» **AIM OF THE TASK**:
Without the pictures, print the lines from the one holding "Il britannico Arthur" through the last line below, both included, exactly as they stand.

--- --- ---

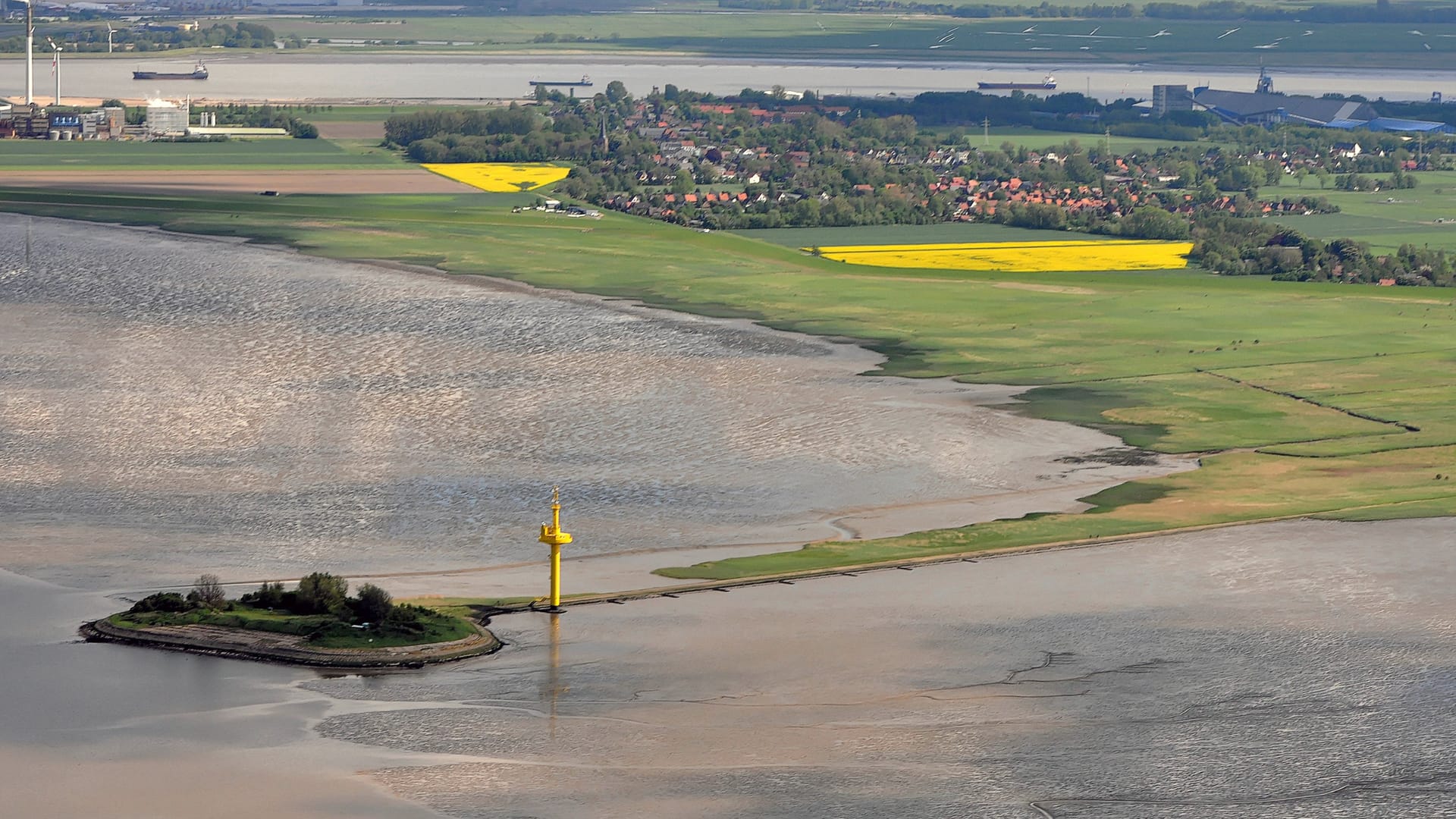 Langlütjen I samt Radarturm und Damm zum Festland (Archivfoto): Einst gab es Pläne, dort Tourismus zu betreiben.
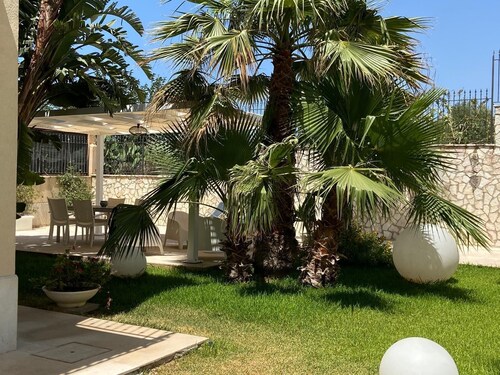 Holiday home with garden near Balestrate Beach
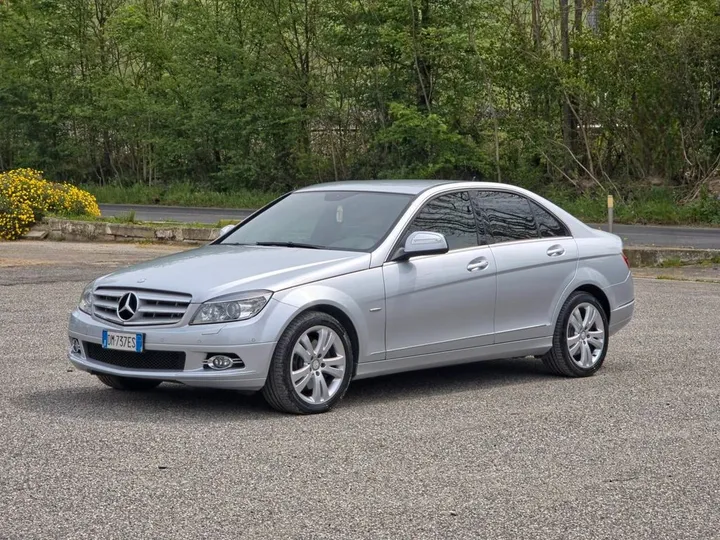 Mercedes-Benz C 320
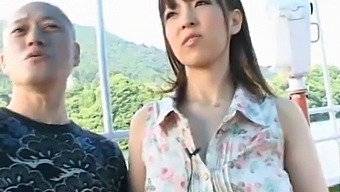 淘气的亚洲宝贝mashiro享受户外公共性爱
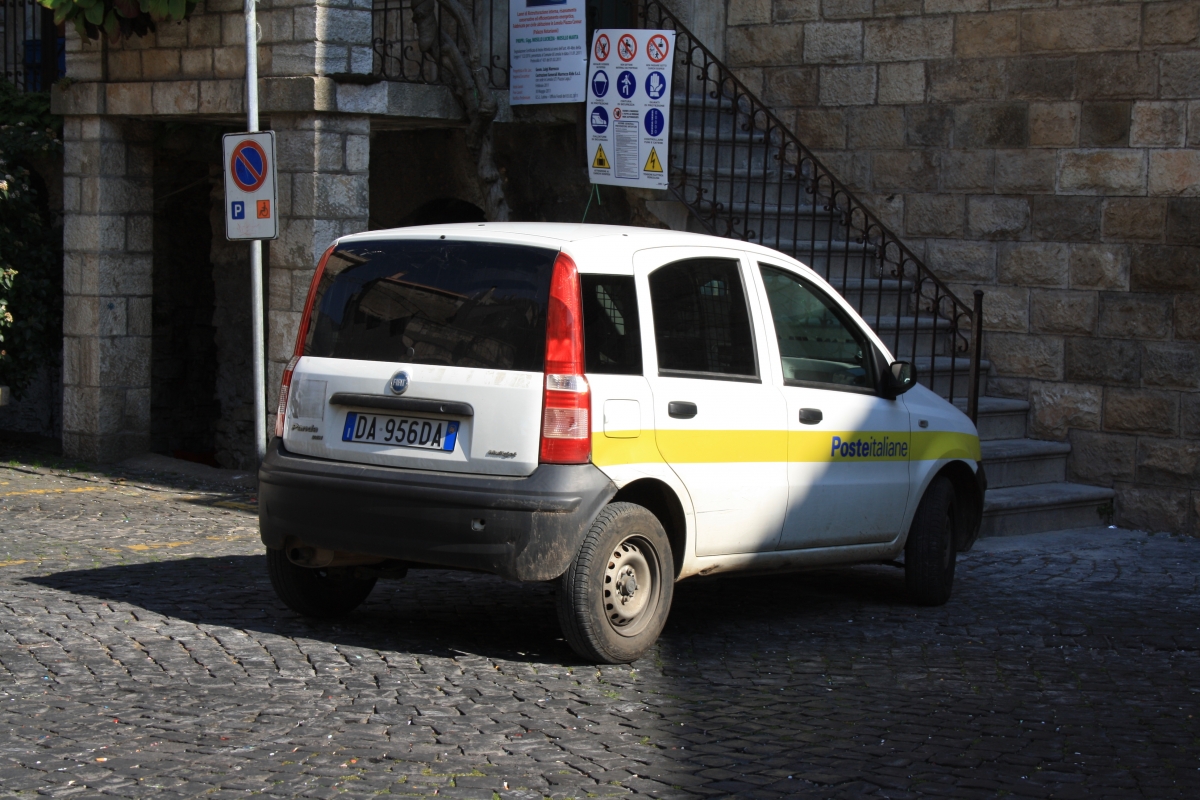 auto-poste-piccolo-comune-(1).JPG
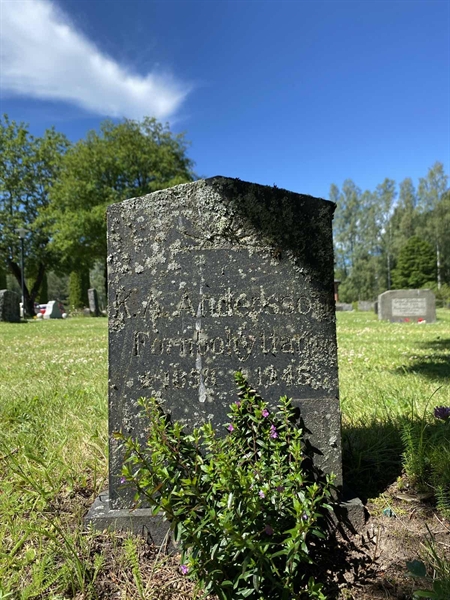 Hautatunnus: 1 13 79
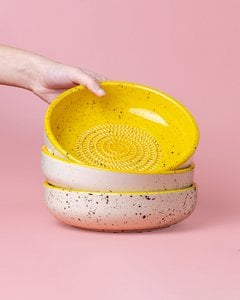Keramikschale für Knoblauchreibe – gesprenkeltes Gelb – großer Zimt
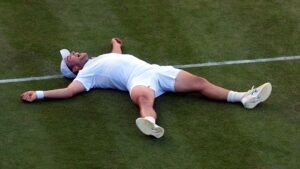 Il britannico Arthur Fery, beneficiario di una wild card, si qualifica per gli ottavi di finale a Wimbledon dopo un’epica vittoria in cinque set
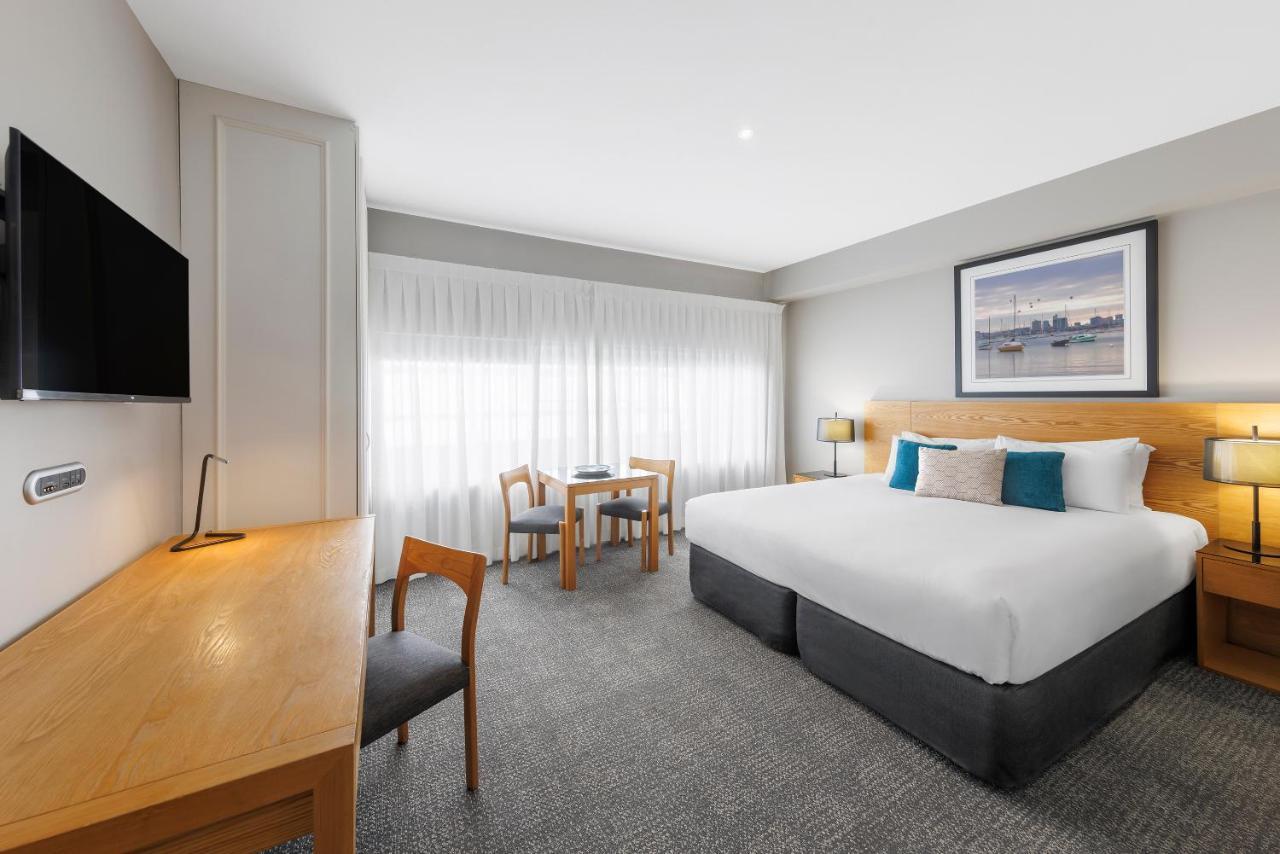 Aparthotel Quest Brighton On The Bay 4*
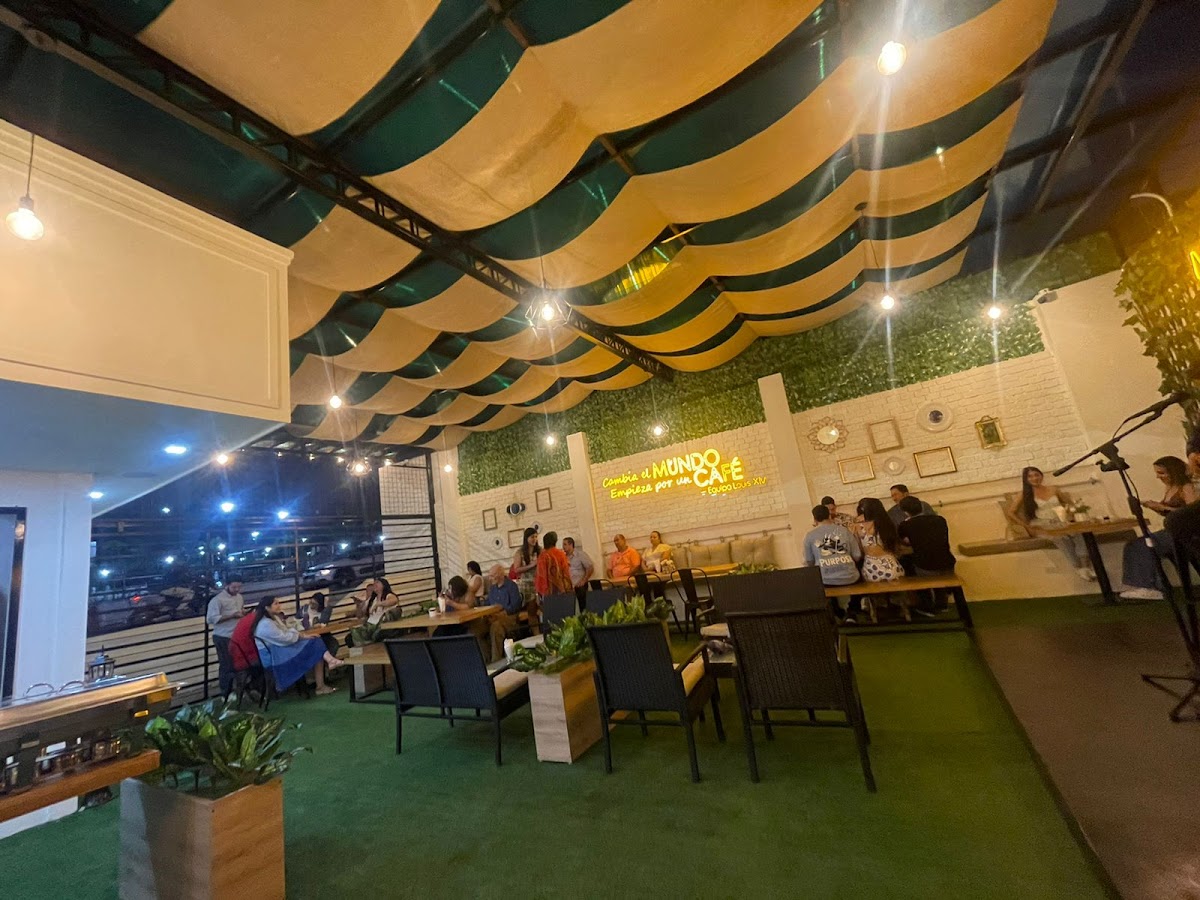 Louis Xiv Cafeteria Manta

--- --- ---

» **EXERCISE RESULT**:
 Il britannico Arthur Fery, beneficiario di una wild card, si qualifica per gli ottavi di finale a Wimbledon dopo un’epica vittoria in cinque set
 Aparthotel Quest Brighton On The Bay 4*
 Louis Xiv Cafeteria Manta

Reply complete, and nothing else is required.